FORMAT=FORTRAN

This is an Unlabeled text format for input and output which uses FORTRAN I/O descriptors. It’s available on all versions of RATS. It’s available in case other methods for dealing with a poorly-formatted text file are inconvenient. However, we would recommend you look first at importing the file into a spreadsheet program and using its line parsing tools.

RATS Instructions

data(format='Fortran format string')	read series using FORTRAN format
copy(format='Fortran format string')	write series using FORTRAN format
read(format='Fortran format string')	read data using FORTRAN format
write(format='Fortran format string')	write data using FORTRAN format

ORG options are required on DATA and COPY.

Interface Operations

None

Details

FORTRAN format allows you to use the standard FORTRAN I/O formatting codes to indicate the format of the data file. You probably shouldn’t try using it unless you are fairly comfortable with FORTRAN formats (described briefly below), and the other methods above are cumbersome.

With FORTRAN formats you can tell RATS exactly how the data are organized when using DATA or READ, or exactly how you want the data to be formatted when using COPY or WRITE. For example, when used with COPY, FORMAT=FREE uses a very wide field for each number so that it can reasonably handle very different magnitudes. The result is that you can sometimes get a lot of extra digits. This takes up space (so you see fewer numbers at a glance) and masses of digits can be hard to read.

If you are unfamiliar with FORTRAN, a brief description is in order. The basic format elements for real numbers take the forms Fw.d, Ew.d and Gw.d. RATS (which only simulates FORTRAN I/O) also allows you to use the Iw format for input.

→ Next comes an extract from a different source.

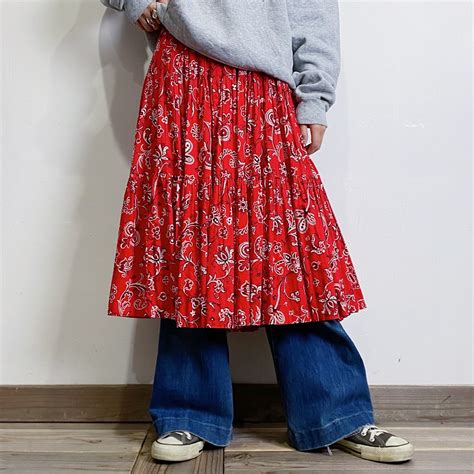 50s bandana printed cotton skirt | LEMON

Fw.d	For numbers with a fixed decimal place: a total of w positions (total digits to the left and the right of the decimal) with d digits to the right of the decimal. Very large and very small numbers will not fit an F format. For example, the number 1000000. cannot be printed as F15.8.
Ew.d	For numbers in scientific notation. When writing files, this format is useful because it can handle a number of any magnitude, but it can be difficult to pick out large and small values at a single glance. For example, it takes a bit of work to see that the first of 1.343E-02 and 8.547E-03 is the larger.
Gw.d	This is a mixture of the F and E formats. If a number can reasonably be printed with the F format, that is used. All others (very large and very small) are displayed in the E format.
Iw	For integer numbers. If there is a fractional part to the number, it is ignored.
Aw	This is used (by COPY) only for the date strings. It prints a character string, left justified, in a field of width w.
wX	Indicates w spaces
/	Indicates a skip to the next line

In the description of a line, the fields are separated by commas. You can prefix a field descriptor by a number of repetitions. For instance, F6.2,F6.2,F6.2 can be shortened to 3F6.2.

The FORMAT Option

The DATA, COPY, READ, and WRITE instructions all support the FORTRAN format. The FORMAT option is the same for all four instructions:

FORMAT="( format string )"

Enclose the format string in quotes, for instance, FORMAT="(11X,4F15.7)". The format string must fit on a single line. If you need an extremely long string, you may want to put the string on its own line:

data(org=col,format= $

"(f8.5,2x,f8.4,2x,f8.5,2x,f8.3,2x,f8.5,2x,f8.5)" ) $

1947:1 1979:4 wage interest stocks mortgage charitable misc

With ORG=ROWS

Each entire series is read with the indicated format: below is a RATS instruction and its FORTRAN language equivalent:

data(format="(11x,4f15.7)") 1 100 gnp m1

read(n,1000) (gnp(i),i=1,100)

read(n,1000) (m1(i) ,i=1,100)

1000 format(11x,4f15.7)

If you have blank lines separating the series, you may have to read the first series with one format, then use a format such as (//(11X,4F15.7)) for the remaining series: this particular format will skip two lines before reading a series.

With ORG=COLS

The equivalent of a separate FORTRAN read statement is used for each observation: this is a sample RATS instruction and its FORTRAN equivalent. (You must delete any header lines at the top of the file).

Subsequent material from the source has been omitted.